Saturday, October 2, 2010

Competitive Craziness

     I'm not sure what happens to some parents when they enroll their children into competitive sports. You see, it all starts out innocently enough, "We don't care if little Suzy wins or loses, we just want her to have fun." Oh sure, some parents are able to keep this attitude and core belief throughout the life of their child's athletic endeavors, but not all. What happened today is case in point. Soccer. Need I say more? The parents from the opposing team were awful today at my 12 year old son's game. Yelling obscenities at their kids, screaming "they didn't earn that!" when our team scored- ugly, ugly stuff. We tied, our boys celebrated by getting into a circle holding hands, falling and then rolling backward, kicking their feet into the air and squealing. Their boys- also in a circle receiving a verbal beating from coaches and parents alike. Sad.

Of course as a professional coach I have seen this behavior all to often in the gymnastics world. Admittedly a bit more dignified. Same thing, parents becoming livid when their child fails to perform or "deliver" the win. While it is easy to become caught up in competition, if parents can not separate the win or loss from the child, almost always the child will eventually stop the sport altogether.
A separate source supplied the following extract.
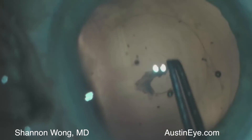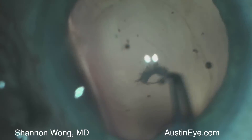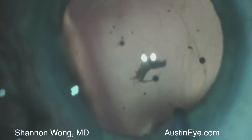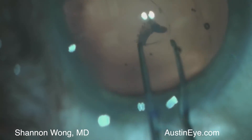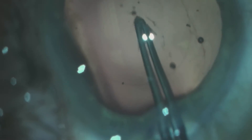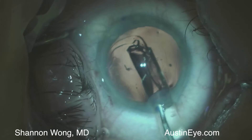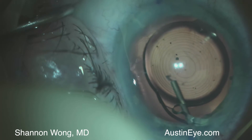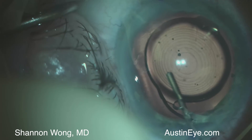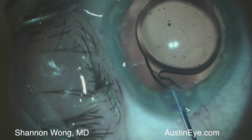We're able to successfully remove the plaque and preserve a circular posterior continuous curvilinear capsulorexis. We then insert a symphony lens implant into the bag. We use a cannula to remove small remnants of the plaque that remained behind the implant.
  In 20 years of coaching and owning a club, a parent has left my gym from time to time because we didn't push the child hard enough. I get that. I also know the chances of seeing that child long term in the sport with a coach that pushes "as hard as the parent wants" are slim. Great athletes- champions are less developed than they are nurtured. The degree of greatness that separates amazing athletes isn't something coached, it's naturally occurring and it has little to do with talent (although this helps). It's drive. If they don't have it, you are not going to see those blue ribbons no matter how amazing the coach says they are, or how hard the child is  pushed. Ah! you say, you've seen this work, it is working right now for your child. Okay, come talk to me in five years and we will see what sport or activity your kid is in.This method of intense pressure, must win and even punitive atmosphere almost always fail to produce long term. Why? Kids get tired of the negativity and quit.


You want a champion? Make sure your child enjoys the sport, find a club or coach that is positive, sit back and relax, and remember this sentence: "Great job honey- you looked good out there- did you have fun, great! are you hungry? 

Kids and sports, it's a long road from childhood to college. It's a marathon not a sprint. Take it easy and enjoy the journey.